Teddy went home regularly and made a point of not telling me about it. I was not to have any credit. Nor did I use him as a messenger to Kovacs, not wanting to force that issue.
In those weeks he spoke to me only once of the towers save in line of duty, when he asked out of the blue, ‘Are all tower lifts out of commission?’
‘Nearly all,’ I told him.
‘The man doesn’t come around?’ Arry must have taught him that.

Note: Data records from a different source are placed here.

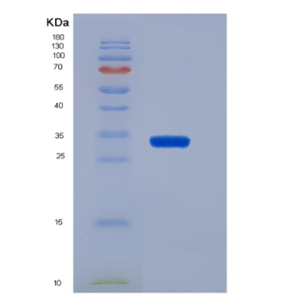 Recombinant Human CD19 / Leu-12 Protein (His tag),Recombinant Human CD19 / Leu-12 Protein (His tag)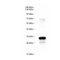 //jrrorwxhrkinlm5p-static.micyjz.com/cloud/ljBpjKnjlkSRqippqjmlip/f2f31d71d0a1f7a662a12f5311f9a43e-60-60.jpg
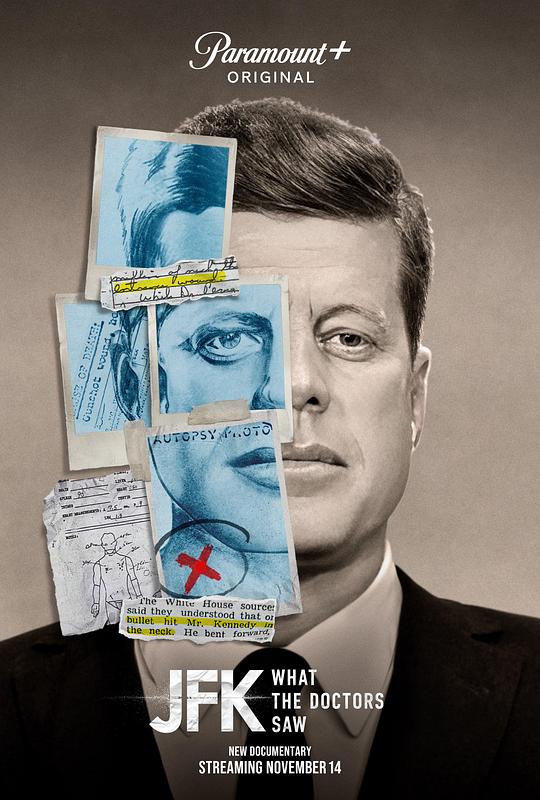 JFK: What the Doctors SawJFK: What the Doctors Saw(2023)插图%4K电影下载_3D影视资源_杜比视界迅雷下载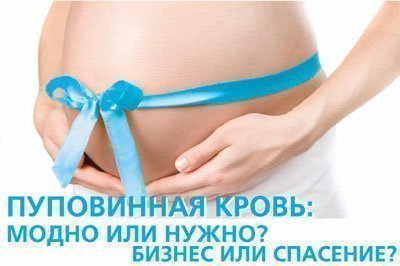 Пуповинная кровь: модно или нужно? Бизнес или спасение?
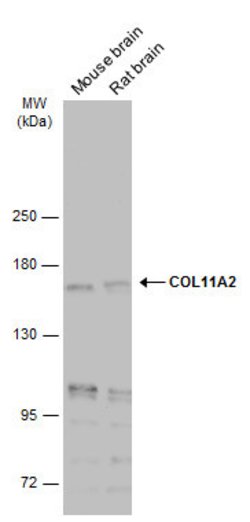 Invitrogen COL11A2 Monoclonal Antibody (GT212) 100 &mu;L; Unconjugated:Antibodies,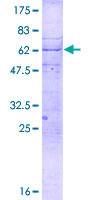 CENPT Protein - 12.5% SDS-PAGE of human CENPT stained with Coomassie Blue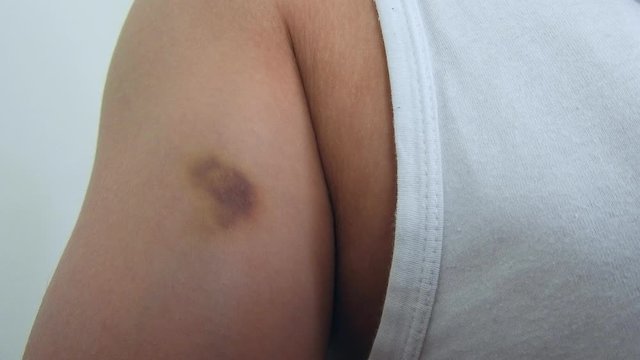 Bruises formed on the arm,
bruises on the skin as a result of a blow
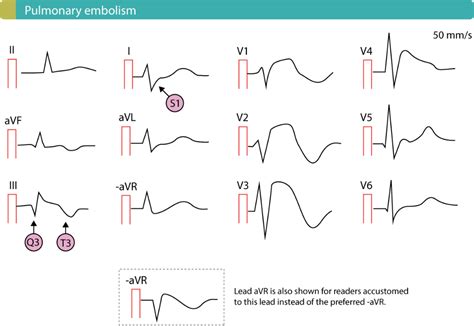 Pin on EKG Stuffs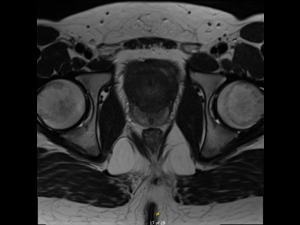 Axial T2 image through the prostate from 2021 demonstrates further interval enlargement of the prostate demonstrating the typical high T2 signal peripheral zone and the bland low T2 signal transitional zone encroaching on the bladder neck.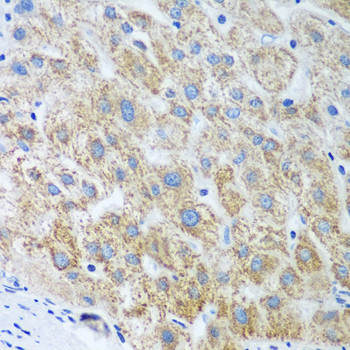 UBE2U Antibody in Immunohistochemistry (Paraffin) (IHC (P))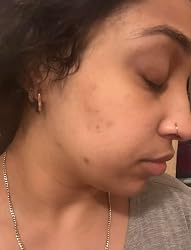 Customer result photo 3 from paige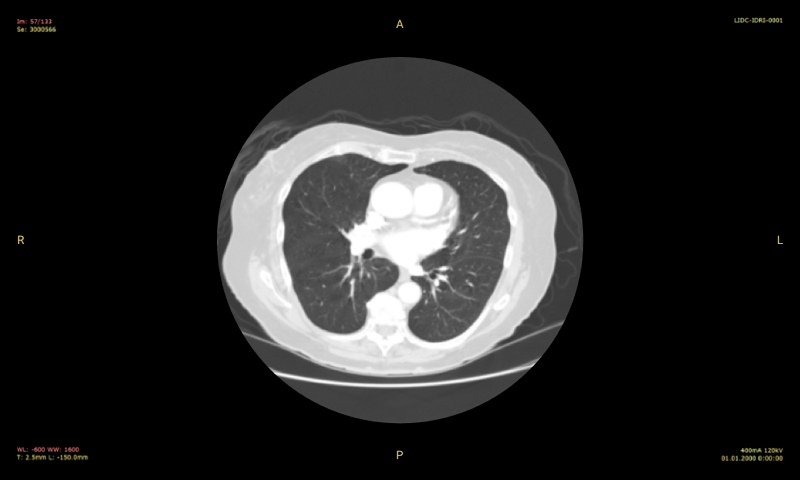 Medical Image Processing: Solitary Pulmonary Nodules in Lungs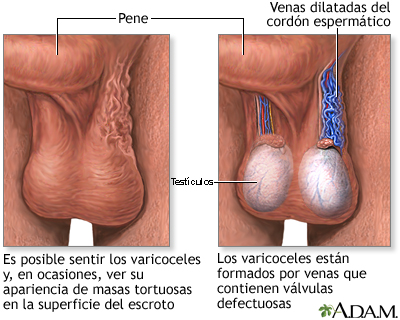 Varicocele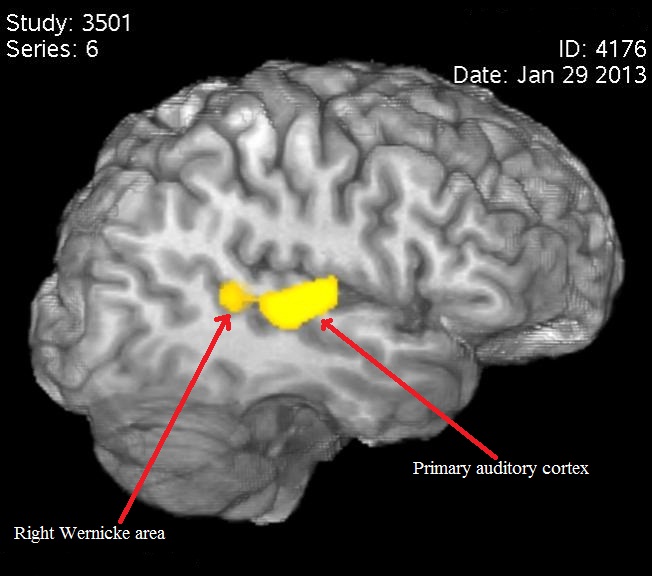 primary auditory cortex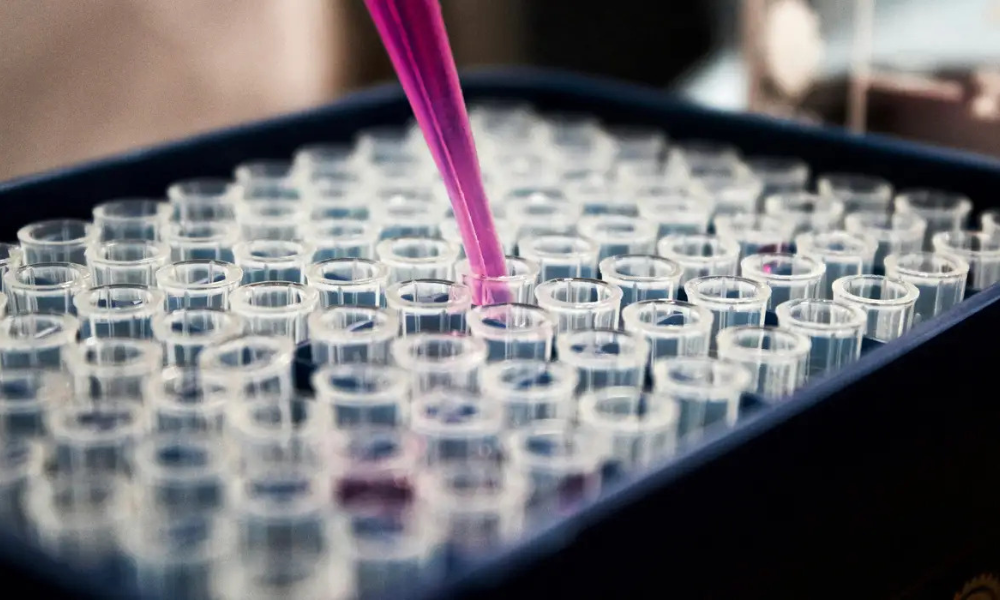 Um simples exame de sangue pode revelar doenças silenciosas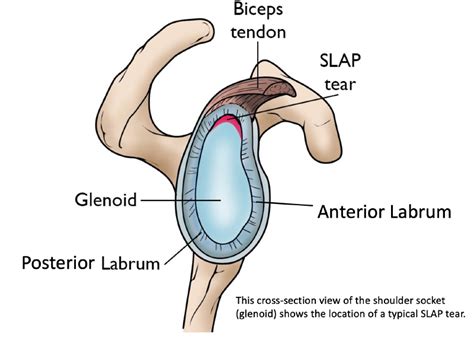 Slap Tears Dr Pant Sydney Shoulder Unit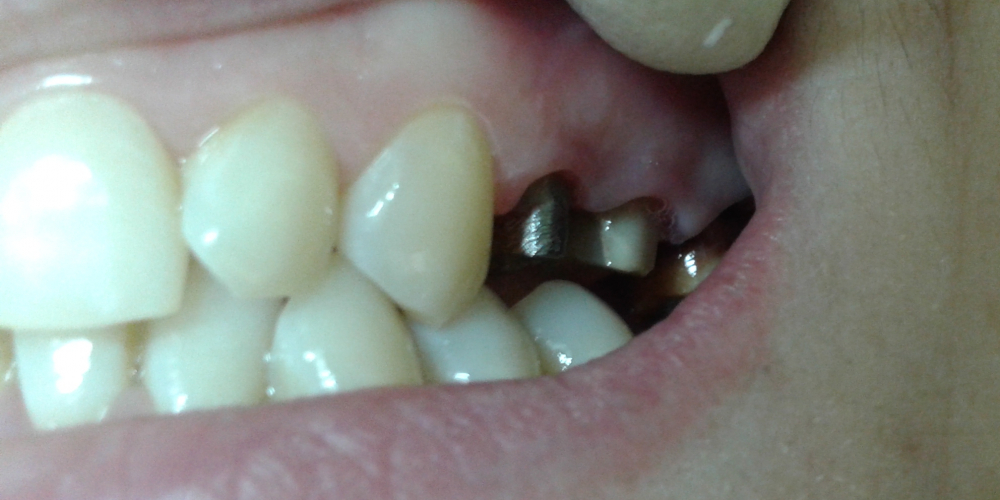 Протезирование верхних зубов металлокерамическими коронками - фото №3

‘He surely doesn’t. Once he did, but the lifts grew older and broke down more often and servicing became more expensive. People found their own ways of coping when the lifts were out for a month or more. They were effective ways, so the State stopped concerning itself.’
‘Deliberately stopped servicing?’
‘That’s it. I don’t know what it saved the annual budget but there are over 1,000 lifts in the towers of this city alone. A whole sub-department was eliminated. The money axe falls wherever it can.’